Antonia schien ihrer Stimme nicht zu trauen und reichte ihm stumm Brief und Foto. Die Freundin musste eine immense Bedeutung für sie haben.
Ein unmissverständlicher Brief. Ein hübsches Kind. Auffällig der Kontrast zu Antonia, wie Schneeweißchen und Rosenrot, dachte er, Nacht der Märchen, und wenn sie nicht gestorben sind, dann leben sie glücklich bis an ihr Ende. »Die Suche läuft, wir werden sie schon finden«, sagte er lahm, am Auffinden nicht zweifelnd, wohl aber am Zustand.
Zu lahm. Antonia wandte sich ab.
»Was ist es, das sie zum Selbstmord drängt?«, fragte er.
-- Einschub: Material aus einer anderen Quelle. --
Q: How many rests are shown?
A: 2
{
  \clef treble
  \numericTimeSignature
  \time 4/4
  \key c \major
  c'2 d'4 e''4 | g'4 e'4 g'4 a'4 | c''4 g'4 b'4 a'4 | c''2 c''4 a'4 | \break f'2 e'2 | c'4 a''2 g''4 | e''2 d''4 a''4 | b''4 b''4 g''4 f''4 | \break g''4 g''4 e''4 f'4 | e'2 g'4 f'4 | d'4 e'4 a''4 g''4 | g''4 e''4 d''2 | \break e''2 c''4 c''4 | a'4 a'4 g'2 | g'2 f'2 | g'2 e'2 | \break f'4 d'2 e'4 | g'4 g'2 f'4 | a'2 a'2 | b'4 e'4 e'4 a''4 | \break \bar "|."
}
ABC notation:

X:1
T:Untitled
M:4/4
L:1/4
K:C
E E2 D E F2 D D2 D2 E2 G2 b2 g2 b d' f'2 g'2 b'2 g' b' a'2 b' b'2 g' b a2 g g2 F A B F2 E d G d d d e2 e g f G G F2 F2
»Sie wird offenbar von ihren Brüdern misshandelt, möglicherweise auch missbraucht«, schaltete sich die Anwältin ein, Marilene, äh, Müller, fiel ihm ein, waren sie beim Du gewesen? Er wusste es nicht mehr.
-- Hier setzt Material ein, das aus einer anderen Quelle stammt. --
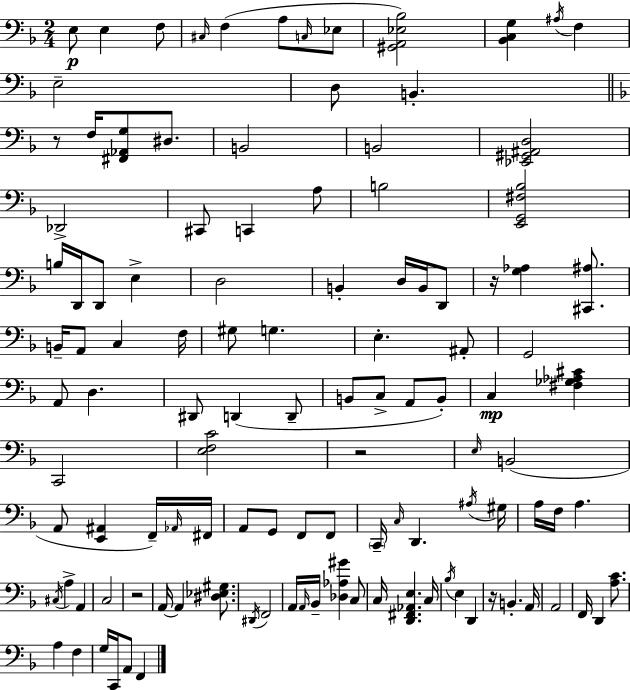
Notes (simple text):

»Und gemobbt wird sie auch«, sagte Antonia gegen den Fußboden gerichtet.
Zu viele Gründe, um lange zu zögern, fürchtete Zinkel. »Wann ist sie hier weg?«
Antonia holte Luft für eine Antwort, doch Müller kam ihr zuvor. »Wir wissen es nicht genau, vielleicht eine halbe Stunde etwa?«
Lilian Tewes nickte. Ihre Nase war gerötet, als dauerte die Heulerei schon länger an, und sie war noch um einiges blasser als ihre Tochter. »Sie war mit dem Rad da«, sagte sie.
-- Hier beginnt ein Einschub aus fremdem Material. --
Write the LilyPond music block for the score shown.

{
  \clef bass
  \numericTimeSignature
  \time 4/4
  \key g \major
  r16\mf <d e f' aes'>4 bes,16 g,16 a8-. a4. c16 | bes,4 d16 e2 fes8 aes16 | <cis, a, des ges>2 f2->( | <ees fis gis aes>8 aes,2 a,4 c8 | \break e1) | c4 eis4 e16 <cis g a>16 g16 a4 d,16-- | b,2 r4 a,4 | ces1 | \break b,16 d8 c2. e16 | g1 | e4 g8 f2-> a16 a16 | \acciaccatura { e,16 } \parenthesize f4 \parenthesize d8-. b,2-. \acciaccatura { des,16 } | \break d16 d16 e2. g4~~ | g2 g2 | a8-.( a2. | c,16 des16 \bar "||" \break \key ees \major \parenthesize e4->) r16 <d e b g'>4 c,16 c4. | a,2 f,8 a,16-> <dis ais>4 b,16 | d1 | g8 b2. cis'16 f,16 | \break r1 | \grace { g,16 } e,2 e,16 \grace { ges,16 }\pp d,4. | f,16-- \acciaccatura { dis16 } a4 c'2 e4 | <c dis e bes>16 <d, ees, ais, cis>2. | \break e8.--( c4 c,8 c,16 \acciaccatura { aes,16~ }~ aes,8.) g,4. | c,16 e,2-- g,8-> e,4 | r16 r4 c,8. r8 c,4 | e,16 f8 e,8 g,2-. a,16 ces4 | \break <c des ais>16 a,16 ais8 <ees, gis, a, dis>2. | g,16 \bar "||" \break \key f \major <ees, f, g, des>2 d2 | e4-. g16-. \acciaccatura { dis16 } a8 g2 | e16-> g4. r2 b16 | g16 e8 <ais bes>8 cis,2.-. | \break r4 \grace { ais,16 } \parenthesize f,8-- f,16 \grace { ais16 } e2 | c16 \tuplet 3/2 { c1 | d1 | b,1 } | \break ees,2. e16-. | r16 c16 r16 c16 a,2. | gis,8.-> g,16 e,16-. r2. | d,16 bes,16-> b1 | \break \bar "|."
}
Er wandte sich wieder an Antonia. »Was glaubst du, wie würde sie es tun?« Er scheute sich, direkter zu werden. »Habt ihr jemals über so etwas gesprochen?«
»Nein, ich wusste bis vor ein paar Tagen ja nicht mal, was da läuft. Und in der Schule – also, sie ist eine Kämpferin, eigentlich, und es hätte doch einen Ausweg gegeben, Frauenhaus, sogar Kinderheim, Mann, sie kann doch nicht einfach ihr Leben wegschmeißen!«
Und dich alleinlassen, der ultimative Verrat, dachte Zinkel mitfühlend. »Hast du irgendeine Idee, wo sie hingegangen sein könnte?«, insistierte er.
Antonia schüttelte langsam den Kopf, während sie laut nachdachte. »Also Pulsadern oder so kann ich mir nicht vorstellen, ihr wird komisch, wenn sie Blut sieht, ich glaub auch nicht, dass sie es zu Hause tun würde, nein, bestimmt hat sie einen schönen Ort gesucht, warten Sie, sie hat’s total mit Bäumen, so in Gedichten und auf Fotos, oh, und vor ein paar Wochen hat sie da was gelesen über den Friedwald, den sie hier einrichten wollen, sie fand die Vorstellung schön, Nahrung für die Baumwurzeln zu sein, Kreislauf des Lebens, so ungefähr, ich hab nicht richtig aufgepasst, das schien so weit weg …« Ihre Stimme verlor sich.
»Logabirumer Wald«, warf Gerrit ein, der plötzlich ein iPad zur Hand hatte.